Tuition down 6% since 2011, contributing to an annual loss of $1.5 billion for law schools

It’s been no big secret that legal education has been struggling for some time. After all, it’s been well documented that applications to law schools have been down dramatically and so has enrollment.

One might think that the ability to be shocked at the level of hardship law schools are facing would long have ceased …


A recent study, “Competitive Coping Strategies in the American Legal Academy,” put the situation into a whole new light by using cold hard cash as a measurable. And it’s quite a lot of cold hard cash. It’s estimated that law schools have lost $1.5 billion annually in tuition revenue from 2011-2012 to 2016-2017.

“Many casual observers of the American legal academy are aware of the substantial falloff in both the number and conventional qualification of applicants to law school that began after 2010,” the study states. “But few appreciate how widespread and serious it’s disruptions have been …”

The study was undertaken by two legal education scholars and an economist. It shows that law schools lost tuition revenue both because of fewer students and the need to offer more scholarships and grants to attract the shrinking number of qualified students.

Even though base tuition at law schools rose 15 percent in the study’s timeframe, the average tuition discount doubled, so the average net tuition per student fell more than 6 percent, when adjusted for inflation.

And since most of the scholarships go to higher-achieving students, the brunt of the higher tuition fell on weaker students.

“In short, generally those students with the least promising prospects for obtaining or making any economically sustainable use of their law degrees are paying the highest prices to obtain them,” the study said.

The study paints a dire picture of the state of legal education, hurt not just by revenue losses but academic standard declines as well. Because law schools have been failing to attract top-achieving students, law schools, in 2016-2017, had an entering class one-third smaller and median LSAT scores seven percentiles lower than in 2010-2011.

However, not all the schools reacted the same way when it came to the crisis. The higher-ranked schools chose to maintain standards and accept smaller class-sizes, while lesser-ranked schools were not so inclined. Top schools saw LSAT drops of 3 percentiles, while weaker schools experienced 14 to 15 percentile drops.

That decision by the nation’s top schools, though, saved at least 20 other schools from failing, the study said.

“This strategic drive to Profile up at the expense of Size and Net Tuition left literally thousands of viable candidates available to other schools,” the study said.

Only private schools were part of the study. Most public institutions offer in-state or out-of-state tuition. The data on the percentage of students receiving which could not be ascertained.
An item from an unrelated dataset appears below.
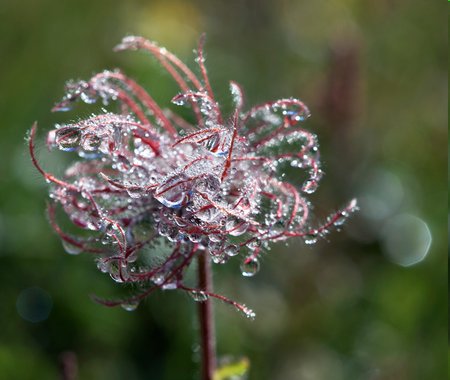 Naturfotografie: Blumen mit Wasserkraft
The study authors were Bernie Burk, a former professor at the University of North Carolina School of Law in Chapel Hill; Jerry Organ, a law professor at St. Thomas University School of Law near Miami; and Emma Rasiel, an economics professor at Duke University in Durham, N.C.

As part of their conclusion, they wrote: “We need to be blunt. Change is hard, and never costless. But there is no more time to pretend that this demographic and economic transformation is just some transient episode that can simply be waited out.”